Seen through the prism of ideology, 21st- century Britain has undergone sea changes, even convulsions. Not long ago the grand ideologies — conservatism, liberalism, socialism — were predominant. Their messages were clear, their packaging simple and their beliefs comprehensive. They were disseminated not just through manifestos but through respectable books and newspapers, eloquent leaders, party machines and political movements. But major ideational developments have since taken place in contemporary societies, including the UK. In order to detect them we need to look past the conventional pejorative labelling of arguments as ‘ideological’ and examine more closely the ways in which ideologies are produced and disseminated.

Ideology has not entirely shed its stultifying connotations. These conjure up a superimposed and doctrinaire set of political ideas. This view associates ideology with oppression, dogmatism, closure, abstraction and distortion. There is still a tug-of-war between those who hold to such a Marxist-inspired understanding of ideology as monolithic and those who accept the multiplicity of ideologies in plural, complex societies. Of course, some voices deny the significance of ideas in political conduct, pointing instead to economic self-interest, pragmatism, or unreflective spur-of-the moment impulse. But it is indisputable that ideologies matter enormously in our political lives, in every sphere of social interaction and at varying levels of sophistication evident in political discussion, and that they can serve as sources of great inventiveness, reform and inspiration.

Ideologies display less internal coherence and more fragmentation, enabling the combination of ideological elements once ruled invalid

From political parties to local councils, neighbourhood support groups and pub conversations, we find people expressing preferences about their shared lives. We support, criticise, reject and dream about the collective arrangements of our society, and often of other societies as well. We invoke allegiances and hostilities towards them. In our imaginations we draw ideational maps — sophisticated or disjointed — of the social and political terrain we invariably need to navigate, and frequently stumble through, to make sense of our worlds. Just as Molière’s M. Jourdain discovered that he had been speaking prose all his life, we are not always aware that we think ideologically as a matter of course. Our diverse worlds increasingly confer subtler meanings on what ideologies are and do, above all as open and fluid competitions over the control of political language; for whoever controls the meanings of words holds society in an iron grip. As Humpty Dumpty famously replied to Alice’s query whether one can make words mean so many different things: “The question is, which is to be master — that’s all.”

Fragmenting ideologies

In Britain, however, that mastery is at stake. Political discourse and patterns of political thinking are in a state of rapid and unstable flux. The principles on which ideological alignments used to be made — nationalisation, or free trade, or respect for traditions and venerated institutions — are muted or eclipsed by the dearth of great causes and the absence of social visions of the kind that typified the humanist post-1948 welfare state or, by contrast, the free market and deregulation crusade associated with Margaret Thatcher. Instead, a shift has occurred towards concrete and often discrete concerns over health delivery, immigration, regional devolution, or climate change, all of which call into question the assumed separateness of older ideological families. Ideologies display less internal coherence and more fragmentation, enabling the combination of ideological elements once ruled invalid: Labour accepting the part-privatisation of national utilities; the Conservatives campaigning for populist measures that weaken their claim to be the voice of industry and enterprise; the Liberals espousing the protection of group identities, often in a difficult balance with individual rights. Ideologies have become amalgams of loosely clustered and detachable components — modular units that can be rearranged in multiple forms — while the boundaries separating one ideology from another have become more porous. That virtue of augmented adaptability is thus matched by the vice of increased volatility.
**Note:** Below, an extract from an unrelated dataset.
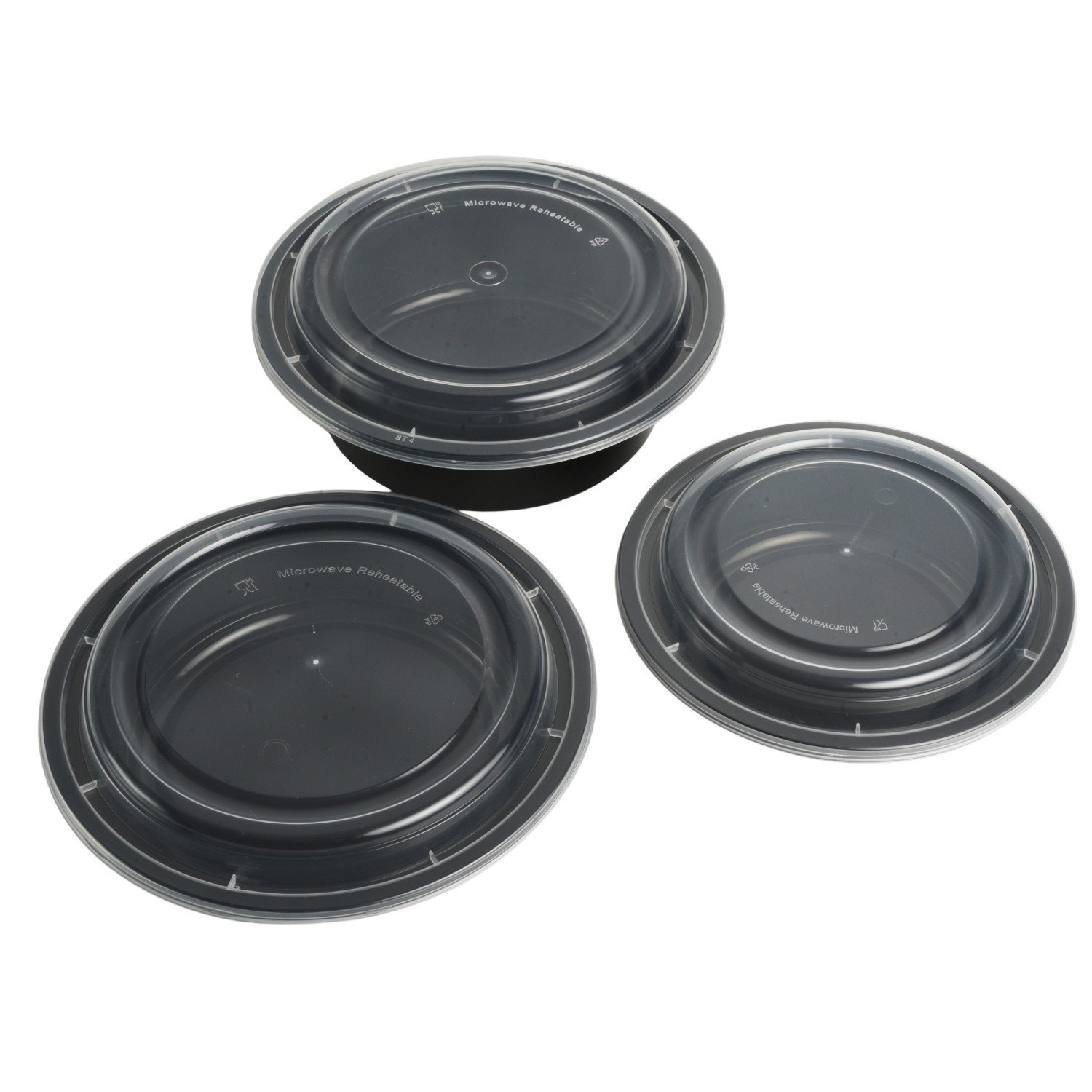 PP Food Containers with Clear Lids for Hot and Cold - Image 3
Many factors have contributed to the mutations now displayed by British ideologies: Labour attempting — and failing — to retrieve an older spirit of socialism, having previously captured most of the progressive middle ground; the Conservatives moving towards being a one-issue party bent on transforming socioeconomic grievances into a retrieval of an isolationist nationalism that mops up little Englandism. The ill-fitting first-past-the-post electoral system can no longer contain the tensions that it has often managed to deflect in the past. In the mid-20th century, British ideological configurations allowed for the semblance of consensus (however thin) on undoubtedly the country’s greatest domestic achievement: the welfare state. That was due to a policy overlap between the two main political blocs, even if their motives — social justice versus economic efficiency — differed. Since then, it has become glaringly obvious that the flipside of the electoral practice of ‘winner takes all’ is ‘loser takes nothing’.
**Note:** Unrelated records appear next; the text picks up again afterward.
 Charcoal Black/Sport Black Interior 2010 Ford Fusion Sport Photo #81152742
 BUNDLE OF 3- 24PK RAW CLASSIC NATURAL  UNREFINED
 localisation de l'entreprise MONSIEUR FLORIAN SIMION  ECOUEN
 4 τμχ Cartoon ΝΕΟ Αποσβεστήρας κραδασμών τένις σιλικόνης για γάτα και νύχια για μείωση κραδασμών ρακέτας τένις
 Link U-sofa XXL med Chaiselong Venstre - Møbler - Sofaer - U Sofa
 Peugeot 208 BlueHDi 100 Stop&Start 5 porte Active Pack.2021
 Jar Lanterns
In a multi-ideological society where the range of parliamentary representation through the democratic process is curtailed, and many voices cannot be heard properly, parties can function as internal coalitions of disparate ideas. But when factions break off, as happened when the Social Democratic Party was cobbled together from elements of Labour and the Liberals, their long-term future is imperilled. Under such conditions, ideologies survive by transcending party boundaries, exporting segments that are compatible with other political beliefs. Environmentalism is one such example; sensitivity to ethnic, gender and religious cultures — albeit still selective — is another; and a liberal constitutionalism respecting human rights has long been assimilated into progressive and centrist thinking.

The Brexit catalyst

Overshadowing all this, of course, is the Brexit furore and its profound impact on the 2019 election. Brexit engendered a fundamental clash of ideologies, but not just in the usual, more easily decodable, mould of past ideational conflicts. Ideologies are more than programmes of collective values to be sought or resisted. They are also conveyers of basic attitudes towards the political, embedded in diverse displays of human behaviour.

The elections were not in themselves won or lost over Brexit, which simply acted as a catalyst for a long-standing social and political malaise. As the emblematic channel of those projections, Brexit has laid bare the fragility of contemporary ideational groupings; it has revealed the demotic roots of political maps and commitments; it has highlighted the powerful emotional, indeed fantasmic, drives that underlie and often replace the rational argumentation over-optimistically associated with public debate; it has propelled to the fore the existential anxieties of dispossessed communities; and it has resurrected the hopes and fears concerning Britain’s role as a fast-diminishing power on the world, and now European, stage — step two of a process that commenced after Suez in 1956. Almost incidentally to its stated purpose of exiting the EU, the political impact of Brexit has changed our expectations of the nature of political language, shaking up many of the conventions of British political thinking.

Brexit illustrates the new precarity of ideological loyalties and the failing strength of the glue that keeps them together when their consumption is subject to new modes of ideological dissemination. Digitalisation and a transformation of the media and platforms that circulate political information (or, just as likely, blatant lies) have transfigured ideologies in peculiar ways. So-called digital democracy is nothing of the kind. It is merely the filtered manipulation of targeted audiences through political micro-messaging and, conversely, an outlet for scattered opinions that bypasses the former comprehensive span of ideologies and their broad public reach. In an era of electronic urgency and immediacy, no time is left to consider arguments, let alone savour their finer points. Ideologies are always simplifications of intricate views and beliefs, but their paring down to disjointed slogans instead of — rather than alongside — weighty political programmes turns elections into little more than a numbers game. True, most individuals possess, consciously or not, a road map of sorts offsetting such ideationally disembodied distillations, but their extraction requires the unhurried effort of slow cooking, not the digestive haste of tweeted fast food.

The ‘people’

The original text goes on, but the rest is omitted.